PROMPT
A word-for-word reproduction of the listing is required.

DATA SHOWN

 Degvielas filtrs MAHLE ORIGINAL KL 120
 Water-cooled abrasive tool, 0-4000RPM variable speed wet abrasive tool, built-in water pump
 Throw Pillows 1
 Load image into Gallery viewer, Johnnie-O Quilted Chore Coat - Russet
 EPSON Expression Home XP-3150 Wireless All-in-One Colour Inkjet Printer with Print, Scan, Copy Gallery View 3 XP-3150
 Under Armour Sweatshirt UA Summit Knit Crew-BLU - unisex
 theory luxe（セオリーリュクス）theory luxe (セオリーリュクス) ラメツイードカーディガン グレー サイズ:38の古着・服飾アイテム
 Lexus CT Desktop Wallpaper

YOUR SOLUTION
 Degvielas filtrs MAHLE ORIGINAL KL 120
 Water-cooled abrasive tool, 0-4000RPM variable speed wet abrasive tool, built-in water pump
 Throw Pillows 1
 Load image into Gallery viewer, Johnnie-O Quilted Chore Coat - Russet
 EPSON Expression Home XP-3150 Wireless All-in-One Colour Inkjet Printer with Print, Scan, Copy Gallery View 3 XP-3150
 Under Armour Sweatshirt UA Summit Knit Crew-BLU - unisex
 theory luxe（セオリーリュクス）theory luxe (セオリーリュクス) ラメツイードカーディガン グレー サイズ:38の古着・服飾アイテム
 Lexus CT Desktop Wallpaper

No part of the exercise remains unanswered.